The operation performed is tiup cluster stop tidb-test --node 192.1.1.5:20177

| username: Billmay表妹 | Original post link

You can check out @h5n1’s content in this article~

| username: Hacker_小峰 | Original post link

Thank you, cousin.

| username: 考试没答案 | Original post link

Last time, there was a magical operation of restarting the PD leader that solved the issue. If the SOP content above doesn’t satisfy you, you can also try restarting it.

| username: 考试没答案 | Original post link

Let me ask a question: Why is the version 5.4.3 and not a newer version???

| username: 裤衩儿飞上天 | Original post link

Labeled it.

| username: Hacker_小峰 | Original post link

The current version is sufficient, so I haven’t updated to the latest version yet.

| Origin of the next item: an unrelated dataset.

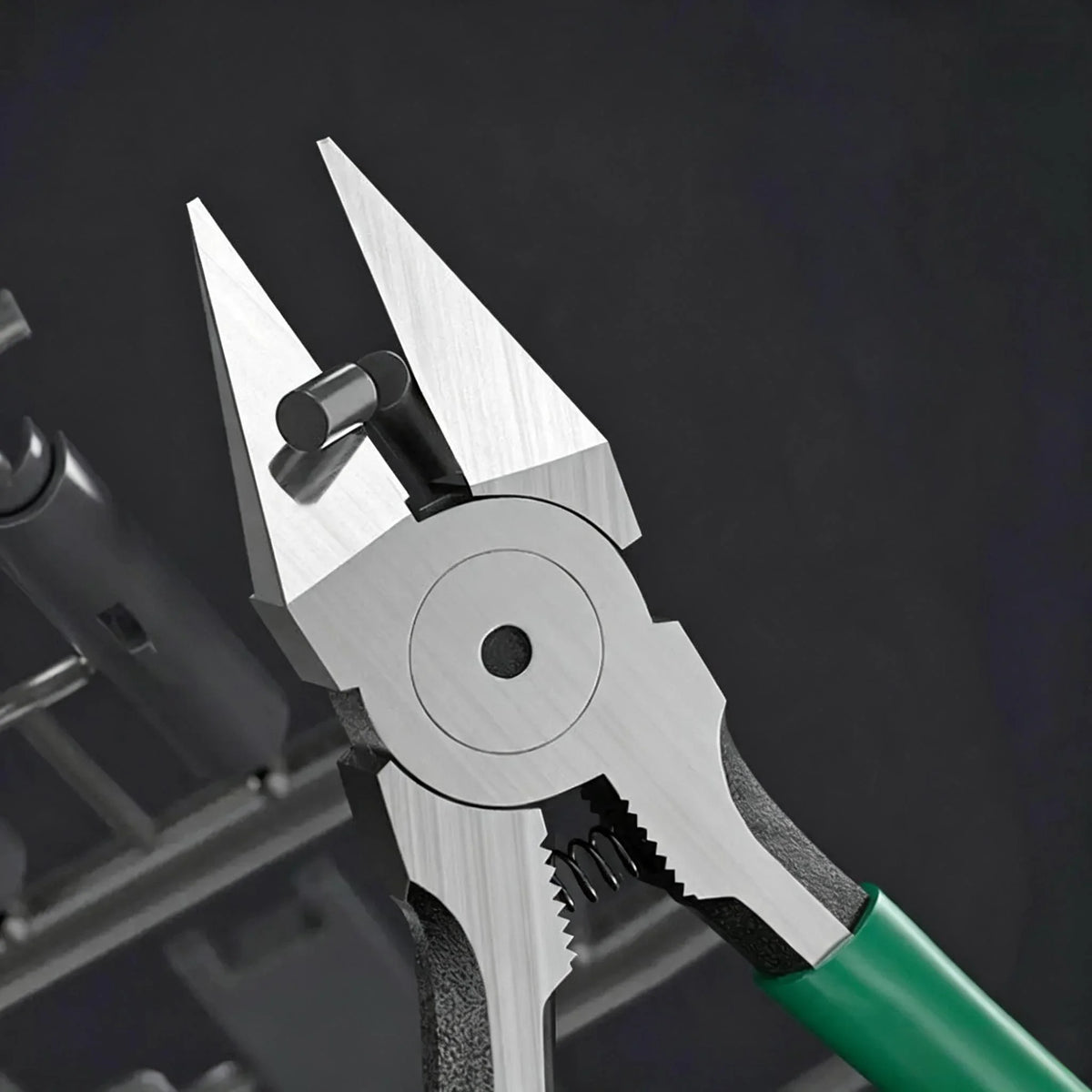 High-Hardness Diagonal Cutting Pliers – Electrician DIY Tool Diagonal Cutting Pliers Axl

| username: Hacker_小峰 | Original post link

Thanks! I’ll give it a try~

| username: TiDBer_jYQINSnf | Original post link

Although you marked three types: host, rack, and zone, did you actually only use host?
That is,
tikv3\tikv3 as one group
tikv4\tikv4 as one group
tikv5\tikv5 as one group

If you take any tikv offline, to ensure that there is at most one replica in the same area, you can only move it to another node on the same physical machine.

| username: Hacker_小峰 | Original post link

Ah, a word to wake up the dreamer, this should be the reason. The only label that actually works is probably host…

| username: TiDBer_jYQINSnf | Original post link

To use racks, you need more than 3 hosts. To avoid losing 2 replicas when shutting down a rack, each rack will have one replica.

| username: Hacker_小峰 | Original post link

:+1:

| username: system | Original post link

This topic was automatically closed 60 days after the last reply. New replies are no longer allowed.